Apartment in Athens Read online

Page 21


  17.

  THREE DAYS AFTER HIS FIRST VISIT DEMOS CAME TO SEE her again. Then by the ugliness of his old face, uglier than ever, and his preliminary silence and embarrassment, and his anxious inquiry about the children’s presence or absence, and the look of relief on his face when she replied that they were absent, she knew that he had bad news. Again he refused to come in farther than the corridor, and this time his refusal was too solemn for her to argue against it. He hung his head like an ashamed schoolboy, standing on one leg and shuffling the other foot up around his ankle; and tormented the brim of his hat more than ever.

  “I am in a hurry,” he began, “I have some news for you about the fix you are in.”

  “What is it?” she asked bravely.

  “Tell me first,” he asked, “what did you say the other day, what was the date of your major’s suicide?”

  “Saturday, the twelfth.”

  “Well, then, the day before, Friday the eleventh, he marched down to Sertz’s bureau and made arrangements with him to find Helianos guilty of everything under the sun.”

  Mrs. Helianos lifted her hands and reached out on either side toward the narrow walls of the corridor.

  “He explained to Sertz that he was about to be recalled to Germany and transferred to active service on the Russian front; therefore he would not be here to help with Helianos' case. Therefore they drew up a kind of affidavit against Helianos: Kalter’s testimony signed and sworn and sealed, dated June eleventh.

  “Von Roesch saw it the day he had his little row with Sertz about you. I knew this, dear cousin, when I came to see you the other day. I didn’t mention it because I hoped it would all blow over.”

  The wife of Helianos held her breath, and frowned so that she could only half see.

  “What a ghastly devil!” Demos cried out in a sort of despairing tone. “He planted his hatred of poor Nikolas to take effect after his own death the way we put explosives under bridges and things with a timefuse, in order to be miles away when they explode.”

  The desperate woman sighed.

  “You are taking this very well, dear cousin. You are a better woman than I thought. Shall I tell you the rest now? Would you like to hear the bad news all at once, like this, alone with me?”

  “Yes,” she answered.

  After all, it was news that she might have broken to herself any day, for days and days, only she could not bear to be the one to break it. She might have known it, except for a fantastic exercise of her poor mind not to know it: except for just enough confusion of her thought with her heart’s desire to enable her to put off the blow from day to day; except for the folly of her love: love which is an act of imagination and often entails other kinds of imagination and fictitiousness and blindness to fact.

  This was the news, the fact, the blow:—“They shot Helianos yesterday,” Demos said.

  The widow of Helianos said nothing. She did not even brace herself against the wall or stir her head or make a face.

  “I suppose that was the compromise,” Demos said. “Von Roesch wanted to keep you, so he let Sertz have Nikolas. When he gets back from Constantinople he will tell you that if it had not been for his enforced absence he might have saved Nikolas for you. He will express the profoundest regret about it.”

  Demos went on talking in a kind of drone, of the particulars and the details, as if he could not stop.

  “Kalter had borne witness to his guilt in having uttered an insult to the chief of the German state, and acted insubordinately toward an officer of the German army of occupation, and indulged himself in anti- German opinion and a rebellious attitude generally.
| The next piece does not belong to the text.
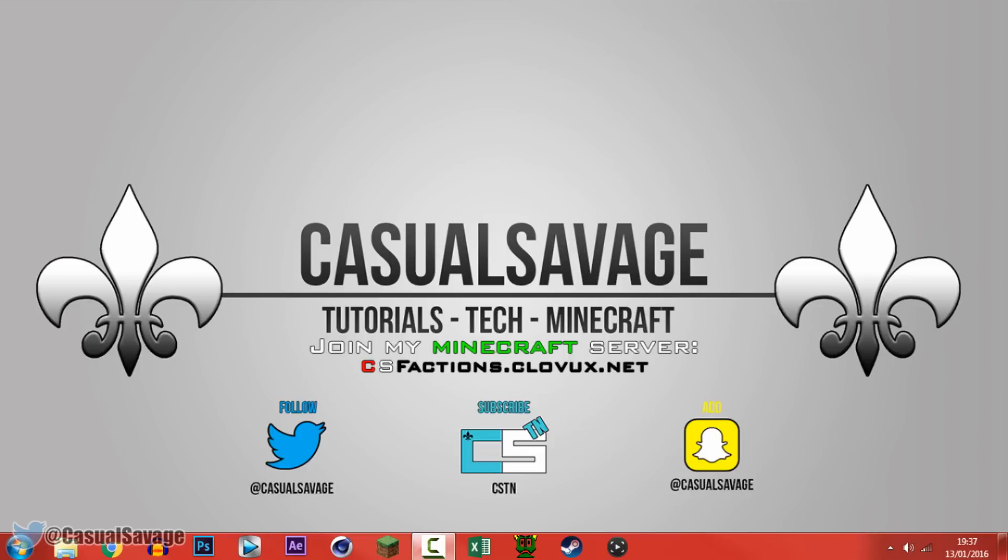With that being said be sure to go follow me on Twitter I'll keep you updated on what I'll be posting. Also be sure to go and check out my technology news channel I'll keep you updated on the best technology news. Also be sure to go and check out my CS Plays channel where I just play random games.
His fate had been decided at once. They reprieved him two or three times, as a stimulation and an encouragement to him to give them the names and pseudonyms and descriptions and present whereabouts of the rest of us.”

  It was hard for Mrs. Helianos to listen to Demos talking like this, but she could not summon up energy enough to stop him; and he meant well; and in any event she would want to know it all eventually, so she might as well listen.

  “Then there were the days of waiting to be questioned, and the days of the questioning itself; and in the nights he stayed awake, I suppose, to write you his letter. It all followed a certain German routine; nothing out of the ordinary, except that some inefficient underling left his name off one list of the condemned and put it on the next list; and at the last minute there had to be another postponement of twenty-four hours because the officer commanding the firing squad happened to fall ill. At last, yesterday, they delivered him to death—and they delivered him from themselves—along with four or five men and one woman accused of one thing and another.”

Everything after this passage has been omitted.